I Delete Emails Every Day
Contributing writer Pho Vu ’23 reflects on the necessary inconvenience of deleting your emails.
I have created more than 10 email accounts over the course of my 21 years on Earth, each for a different reason: one account for personal use, another account for personal use but with a better email address, an account for receiving newsletters and advertisements, an account for my prospective business that never had the chance to take off.
No matter what intention lies behind any of these accounts, they all bring me the same problem: old and unwanted emails.
Even after I finish deleting the 67 items in my spam, the “Updates,” “Forums,” and “Promotions” tabs follow. With the advent of these new tabs, I can no longer rely on the “Select All” square that allows me to mass-tick and mass-delete all at once — some of my most important emails arrive under the “Updates” and “Forums” tabs.
I’ve hit the point, not once but many times, where I’ve been warned that I could no longer send or receive messages because I’d reached my 15GB Google storage limit. This happened several times when I was in high school, at extremely critical times: times when I was waiting for emails from organizations I had applied to or simply approached for a spot of volunteering, and admissions offices’ answers to my questions about the Common App and English language test scores. I was always in a hurry to clear up spams and old conversations to make space for these priorities at the time. Looking back, I knew I didn’t need to surround myself with the worst scenarios, but at the time, those small things, if left unattended, could build up into big piles of troubles that would eventually alter the future that I always wanted.
Then came my first two years of college. I was always worried that I would miss out on one of the biggest college events or fail to comply with new policy — say, updated masking protocols — by missing one email, perhaps an email blocked from reaching my already full mailbox. Having three to four email accounts helped a lot with this crisis because I had a clear idea of which email would be sent to which account (plus, they’re nice back-ups to your primary account), though sometimes I particularly focused on some accounts and neglected the responsibility of taking care of the rest, which weighed on my conscience until I sat down and tidied my inboxes.

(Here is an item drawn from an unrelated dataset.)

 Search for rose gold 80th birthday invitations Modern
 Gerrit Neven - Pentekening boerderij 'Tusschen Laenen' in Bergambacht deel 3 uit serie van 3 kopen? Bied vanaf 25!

But a clogged email is not just a source of personal inconvenience — the planet suffers too. Mike Berners-Lee, a professor at Lancaster University’s Environment Centre and advisor of 2019 research commissioned by OVO Energy, says that while sending an email already requires electricity, having it stored in our mailbox requires even more energy, since this information needs to be kept in the Cloud. By sending less polite replies and emptying your trash often, you prevent these “pointless” emails from clogging up your system and contributing to carbon emissions. While I am still working on the former because the exchange of pleasantries is essential in some conversations, I am diligent about the latter because all it needs is a short five minutes of my time every morning.
I started to regularly clean up my Gmail more often two years ago. A few management tools I use now to complement my tech habits are Unroll.me and clearfox.io, and they were true helpers that got me off the subscribers’ list of companies I didn’t care about but allowed me to keep receiving emails with headlines like “We think this is something you might like.”
While learning to delete emails habitually was at first an unpleasant experience, I can now envision myself winning at a future workplace for how responsive I am to emails. Weaving these facts and fantasies together, I am happy to have had a deep and emotional engagement with this seemingly ubiquitous e-tool. Deleting emails feels so therapeutic when you have time on your hands, but you need a warm-up activity to actually start doing everything on your to-do list. What’s strikingly clear is how pushing myself to maintain this practice on a daily basis allows me to intuitively track my personal development with something that is a dime a dozen like emails. As the saying goes, you end up mastering a thing that had consistently concerned you in the past.
After going through these emails, I can just sit back, relax, and feel good about the virtual burden that I independently shrugged off of my little shoulders. Now, the fact that this tiny action helps prevent excess carbon emission adds more weight to this commitment.
Amherst College students receive at least one email per day courtesy of the Daily Mammoth. Other emails come incessantly from administrators, Google Calendar invitations, newsletters from Management Consulted talking about their newest case prep program and free drills giveaway. It’s about time we act like the female lead in a K-drama, tie our hair up in a ponytail, and start nurturing that habit of decluttering our inboxes regularly.